I havent even given it a thought.. Although the wife now has many many options since we picked up a bunch of costumes from buycostumes 50% clearance item sale.

I am just workign away to get the projects completed for this first year.. I was called ambitious by some others on another list..but i think i should be able to accomplish what i want.. even if i end up cutting a few small corners this year.


----------



## Nightwing

I have wanted to do a headless Marie Antoinette costume for several years, and this is the year! DH is going as King Louis, not sure if he will be headless or not, depends on how tall he will be.


----------



## hexerei

"Frau Doctor Leichnam (corpse)" at my "Mad Scientist" themed party.....the doctor is in!


----------



## joker

I'll be a Zombie this year....sporting my newly acquired SPFX Zombie Mask.

This thing is just awesome!!


----------



## Spooky1

I'll be the werewolf for my yard on Halloween, and I'm thinking about a Devil :devil: for a friends party. For parties I prefer not to have a mask. Makes eating and drinking much easier .


----------



## Eldritch_Horror

For my haunt, I'll be an 8ft tall troll/ogre thing. For Halloween parties, I'll be a gothic Mad Hatter to compliment my fiancee's 'Malice in Horrorland' costume.


----------



## Systematic Chaos

I was wanting to be some enormous, tall critter but I'm not sure just how to pull this off. Another idea I had was taken from the movie labyrinth. If I remember the scene ( I haven't seen it in a long while ) The girl character walks up to what seems to be an innocent old women. Suddenly the upper torso of the old women folds back and it's this menacing guy. 

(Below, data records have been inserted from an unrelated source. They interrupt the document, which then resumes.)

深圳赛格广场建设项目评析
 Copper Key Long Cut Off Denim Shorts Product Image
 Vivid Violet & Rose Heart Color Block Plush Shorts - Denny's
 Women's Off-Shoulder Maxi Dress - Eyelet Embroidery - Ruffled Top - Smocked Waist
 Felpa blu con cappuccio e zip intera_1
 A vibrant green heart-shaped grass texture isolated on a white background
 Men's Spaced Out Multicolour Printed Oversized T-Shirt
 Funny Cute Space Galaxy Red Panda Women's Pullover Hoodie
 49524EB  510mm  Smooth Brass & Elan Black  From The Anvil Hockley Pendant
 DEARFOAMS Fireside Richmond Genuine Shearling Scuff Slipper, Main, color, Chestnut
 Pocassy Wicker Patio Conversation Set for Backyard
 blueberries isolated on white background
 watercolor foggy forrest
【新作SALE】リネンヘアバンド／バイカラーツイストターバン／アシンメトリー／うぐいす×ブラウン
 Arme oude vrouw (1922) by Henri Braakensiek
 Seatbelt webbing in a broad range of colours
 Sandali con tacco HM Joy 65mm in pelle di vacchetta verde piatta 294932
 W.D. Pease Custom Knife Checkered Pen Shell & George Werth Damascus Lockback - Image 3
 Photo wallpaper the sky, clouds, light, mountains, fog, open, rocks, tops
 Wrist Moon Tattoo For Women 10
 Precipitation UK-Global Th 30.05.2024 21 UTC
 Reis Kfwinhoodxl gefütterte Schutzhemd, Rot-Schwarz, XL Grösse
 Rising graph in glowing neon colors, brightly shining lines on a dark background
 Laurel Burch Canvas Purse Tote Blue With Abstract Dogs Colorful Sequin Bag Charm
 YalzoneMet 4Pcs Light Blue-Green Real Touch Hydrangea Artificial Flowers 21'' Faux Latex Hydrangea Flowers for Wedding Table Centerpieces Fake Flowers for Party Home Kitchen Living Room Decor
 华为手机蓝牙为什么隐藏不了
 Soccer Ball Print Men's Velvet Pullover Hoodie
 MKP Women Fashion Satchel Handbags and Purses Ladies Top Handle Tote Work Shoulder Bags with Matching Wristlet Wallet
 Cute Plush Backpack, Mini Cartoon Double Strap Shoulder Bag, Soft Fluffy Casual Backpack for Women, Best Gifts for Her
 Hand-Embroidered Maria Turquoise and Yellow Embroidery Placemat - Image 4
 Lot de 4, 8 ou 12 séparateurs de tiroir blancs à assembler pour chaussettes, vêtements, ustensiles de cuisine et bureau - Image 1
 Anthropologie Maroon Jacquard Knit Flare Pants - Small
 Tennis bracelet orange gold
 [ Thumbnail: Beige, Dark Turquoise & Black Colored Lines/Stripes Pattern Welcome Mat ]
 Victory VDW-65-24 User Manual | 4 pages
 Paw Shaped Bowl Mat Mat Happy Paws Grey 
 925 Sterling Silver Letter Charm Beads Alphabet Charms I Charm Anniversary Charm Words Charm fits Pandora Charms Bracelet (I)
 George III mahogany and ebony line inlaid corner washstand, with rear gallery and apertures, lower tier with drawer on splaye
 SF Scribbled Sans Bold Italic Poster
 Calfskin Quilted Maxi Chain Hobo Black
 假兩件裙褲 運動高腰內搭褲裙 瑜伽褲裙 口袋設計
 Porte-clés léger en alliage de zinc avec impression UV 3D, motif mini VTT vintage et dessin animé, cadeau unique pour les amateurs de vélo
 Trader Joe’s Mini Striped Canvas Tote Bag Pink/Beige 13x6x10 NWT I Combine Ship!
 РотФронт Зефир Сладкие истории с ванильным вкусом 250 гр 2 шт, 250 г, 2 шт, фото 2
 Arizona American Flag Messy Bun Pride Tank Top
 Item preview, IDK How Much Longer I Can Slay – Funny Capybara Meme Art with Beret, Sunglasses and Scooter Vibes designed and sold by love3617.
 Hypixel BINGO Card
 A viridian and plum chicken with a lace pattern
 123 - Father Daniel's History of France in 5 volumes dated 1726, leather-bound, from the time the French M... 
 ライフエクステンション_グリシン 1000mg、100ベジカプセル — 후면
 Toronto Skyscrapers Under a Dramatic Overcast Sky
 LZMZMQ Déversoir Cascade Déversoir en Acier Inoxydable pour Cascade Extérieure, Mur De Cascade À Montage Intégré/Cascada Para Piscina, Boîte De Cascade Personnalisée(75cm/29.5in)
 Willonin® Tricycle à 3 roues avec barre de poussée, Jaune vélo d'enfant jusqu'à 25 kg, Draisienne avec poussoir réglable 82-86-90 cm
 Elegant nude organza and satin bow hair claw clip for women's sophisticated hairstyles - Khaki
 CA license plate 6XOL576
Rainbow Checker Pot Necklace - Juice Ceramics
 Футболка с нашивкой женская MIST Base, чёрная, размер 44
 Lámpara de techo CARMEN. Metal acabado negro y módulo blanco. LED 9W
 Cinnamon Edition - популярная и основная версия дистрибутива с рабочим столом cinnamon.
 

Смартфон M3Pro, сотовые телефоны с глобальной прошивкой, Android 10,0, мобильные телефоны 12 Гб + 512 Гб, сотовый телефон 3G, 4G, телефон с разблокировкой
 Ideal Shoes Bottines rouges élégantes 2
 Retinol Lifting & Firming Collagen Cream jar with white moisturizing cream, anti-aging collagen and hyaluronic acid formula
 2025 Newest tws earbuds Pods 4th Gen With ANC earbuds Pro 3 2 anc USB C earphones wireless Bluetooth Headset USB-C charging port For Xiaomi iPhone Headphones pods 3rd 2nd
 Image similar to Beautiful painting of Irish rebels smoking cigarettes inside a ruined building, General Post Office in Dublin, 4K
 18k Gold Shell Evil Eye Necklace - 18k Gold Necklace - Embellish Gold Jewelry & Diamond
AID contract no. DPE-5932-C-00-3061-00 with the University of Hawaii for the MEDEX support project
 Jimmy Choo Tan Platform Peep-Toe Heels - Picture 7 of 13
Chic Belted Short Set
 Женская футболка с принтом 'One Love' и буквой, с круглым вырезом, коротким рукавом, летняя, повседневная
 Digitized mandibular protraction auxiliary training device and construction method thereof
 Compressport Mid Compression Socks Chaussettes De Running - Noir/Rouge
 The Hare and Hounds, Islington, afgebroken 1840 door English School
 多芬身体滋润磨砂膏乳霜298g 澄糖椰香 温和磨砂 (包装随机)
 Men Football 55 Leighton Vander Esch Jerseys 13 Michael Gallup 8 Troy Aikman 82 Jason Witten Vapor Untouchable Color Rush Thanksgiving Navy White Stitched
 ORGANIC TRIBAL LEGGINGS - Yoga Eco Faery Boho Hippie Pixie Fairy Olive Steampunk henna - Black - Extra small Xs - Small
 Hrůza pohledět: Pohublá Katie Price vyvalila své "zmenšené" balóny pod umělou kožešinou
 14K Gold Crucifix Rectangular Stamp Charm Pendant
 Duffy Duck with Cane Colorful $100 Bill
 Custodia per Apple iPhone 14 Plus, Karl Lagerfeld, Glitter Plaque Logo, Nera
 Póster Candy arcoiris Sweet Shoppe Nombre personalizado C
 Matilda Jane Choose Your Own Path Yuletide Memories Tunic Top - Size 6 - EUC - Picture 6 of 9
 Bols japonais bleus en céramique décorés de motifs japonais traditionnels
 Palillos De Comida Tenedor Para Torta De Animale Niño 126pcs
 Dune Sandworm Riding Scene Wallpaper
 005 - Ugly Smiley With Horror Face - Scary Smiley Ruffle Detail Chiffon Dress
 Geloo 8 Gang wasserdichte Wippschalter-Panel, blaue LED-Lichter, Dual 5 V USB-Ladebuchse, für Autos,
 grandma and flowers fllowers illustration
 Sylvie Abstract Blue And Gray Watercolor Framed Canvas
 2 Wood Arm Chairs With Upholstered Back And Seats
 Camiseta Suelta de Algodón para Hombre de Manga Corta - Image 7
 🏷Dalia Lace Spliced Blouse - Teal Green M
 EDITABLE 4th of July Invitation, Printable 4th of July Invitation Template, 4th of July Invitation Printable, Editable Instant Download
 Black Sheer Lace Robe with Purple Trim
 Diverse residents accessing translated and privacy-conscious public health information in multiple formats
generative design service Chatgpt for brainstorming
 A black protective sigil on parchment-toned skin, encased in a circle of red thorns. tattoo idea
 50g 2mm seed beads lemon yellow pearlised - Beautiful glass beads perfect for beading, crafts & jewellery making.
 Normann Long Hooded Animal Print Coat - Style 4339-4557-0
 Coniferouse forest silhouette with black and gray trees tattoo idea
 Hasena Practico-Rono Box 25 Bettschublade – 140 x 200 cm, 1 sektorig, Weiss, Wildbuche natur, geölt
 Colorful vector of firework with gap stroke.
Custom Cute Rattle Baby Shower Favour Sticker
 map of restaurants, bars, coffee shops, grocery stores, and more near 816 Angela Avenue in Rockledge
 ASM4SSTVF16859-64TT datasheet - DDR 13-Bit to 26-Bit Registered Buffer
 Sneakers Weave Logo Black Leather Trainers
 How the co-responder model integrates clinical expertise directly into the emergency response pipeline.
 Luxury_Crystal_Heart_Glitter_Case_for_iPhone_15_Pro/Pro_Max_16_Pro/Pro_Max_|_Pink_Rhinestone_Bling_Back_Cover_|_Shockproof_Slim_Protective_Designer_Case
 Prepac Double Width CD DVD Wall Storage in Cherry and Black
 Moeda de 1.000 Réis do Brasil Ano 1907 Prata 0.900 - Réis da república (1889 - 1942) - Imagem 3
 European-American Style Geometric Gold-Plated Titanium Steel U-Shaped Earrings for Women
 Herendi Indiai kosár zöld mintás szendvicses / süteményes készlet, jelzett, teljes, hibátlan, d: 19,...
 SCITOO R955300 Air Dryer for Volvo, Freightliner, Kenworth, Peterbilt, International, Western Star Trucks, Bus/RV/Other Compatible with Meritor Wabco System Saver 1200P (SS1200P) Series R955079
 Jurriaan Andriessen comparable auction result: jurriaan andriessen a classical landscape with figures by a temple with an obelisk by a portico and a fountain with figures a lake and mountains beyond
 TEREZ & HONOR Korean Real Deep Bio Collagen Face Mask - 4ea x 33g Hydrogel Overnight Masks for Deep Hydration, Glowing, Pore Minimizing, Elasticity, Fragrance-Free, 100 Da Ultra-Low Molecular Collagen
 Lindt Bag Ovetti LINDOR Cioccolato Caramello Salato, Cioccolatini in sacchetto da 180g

Yeah, I'm making no sense. I'll try and find out more. lol I sure hope it's from that movie.


----------



## bignick

I am going as Frankenstein. I hav always wanted to go as Frankenstein but i never liked the costumes till i saw the creature reacher line of costumes.

Here is what i will be this year.










I am also going to use it as a Prop Halloween night (well i am going to use myself). I have this big metal kettle that i am going to put the candy in. I will place the kettle in mylap or in between my legs while i sit on the front porchsteps. With a sign on the front of the bowl that says take one. I will sit perfectly still to look as if i am fake maybe even a sign that says please do no touch on my chest. Once a kid goes for that second piece of candy i will come to life.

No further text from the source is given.